Thursday, September 15, 2011

Congressional Oversight Investigations Begin on Solyndra Failure

Some $36 billion doled out of taxpayer money. A paltry 3500 jobs have resulted in green energy jobs. The Obama administration's shiny example of the future of green energy jobs? Solyndra.

Now that Solyndra has filed for bankruptcy and the House committees involved are holding hearings, what's the White House plan to cover for their epic failure here? Why, blame the Bush administration, of course.

It is true that the green energy initiative began during the Bush years. So, the cover-uppers are trying mightily to pin the blame on Bush.

In prepared testimony released ahead of the hearing before the House Energy and Commerce committee, the director of the Department of Energy's loans office, Jonathan Silver, emphasizes that the program that eventually granted a $535 million loan guarantee to the troubled firm was created during the Bush administration.

The problem with this defense is that now there is a trail of emails that clearly show that the Bush administration raised many red flags about the potential for success from Solyndra and slowed the process. It is clearly the Obama administration that took over upon taking office in 2009 and making it all about political photo ops.
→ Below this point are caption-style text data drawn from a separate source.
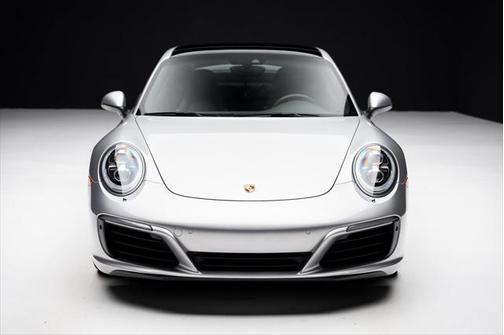 2017 Porsche 911 Carrera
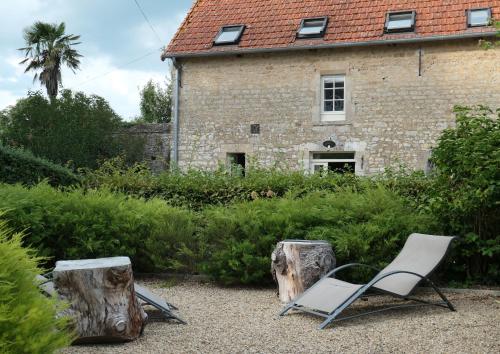 Chateau Le Colombier in Brevands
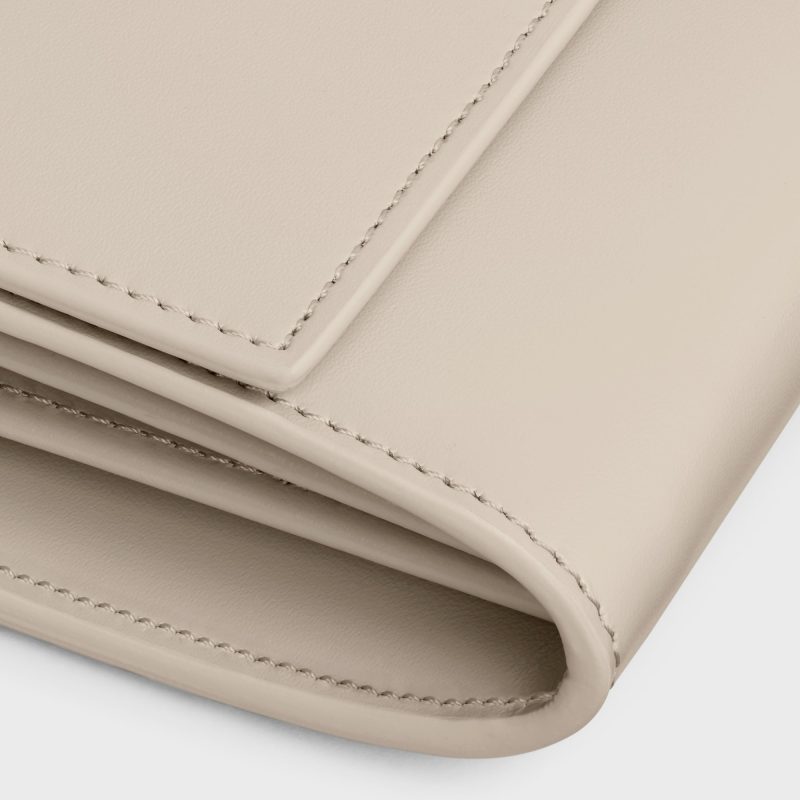 LARGE WALLET 16 IN SATINATED CALFSKIN LIGHT STONE - Image 5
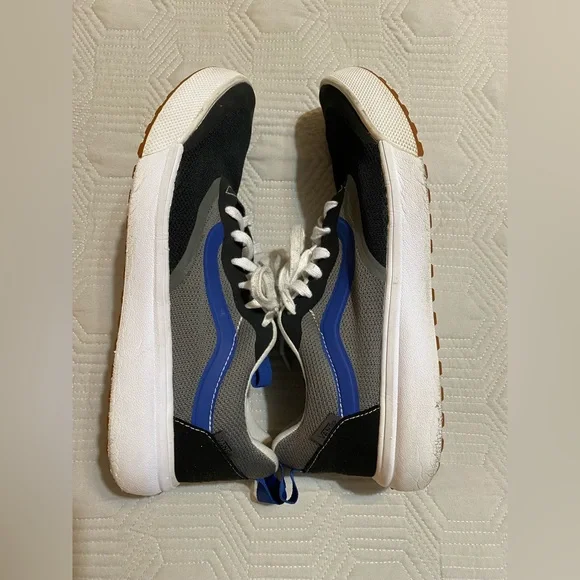 Vans Men’s Ultra Range Sneakers Black/ Gray with Blue detail Size 10.5 - Picture 5 of 9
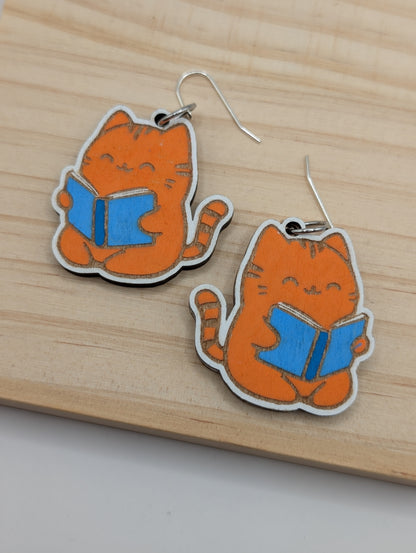 Le chat roux lit des "Dangles"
Rep Cliff Stearns isn't having it.

But Rep. Cliff Stearns, R-Fla., chairman of the oversight subcommittee that is conducting the Solyndra investigation, said that there's a problem with that version of events. "In reality, on January 9, 2009 -- at the end of the Bush administration -- the DOE Credit Committee voted against offering a conditional commitment to Solyndra, saying that the deal was premature and questioning its underlying financial support," Stearns said in his opening statement. "Only after Obama took control, and the stimulus passed, was the Solyndra deal pushed through."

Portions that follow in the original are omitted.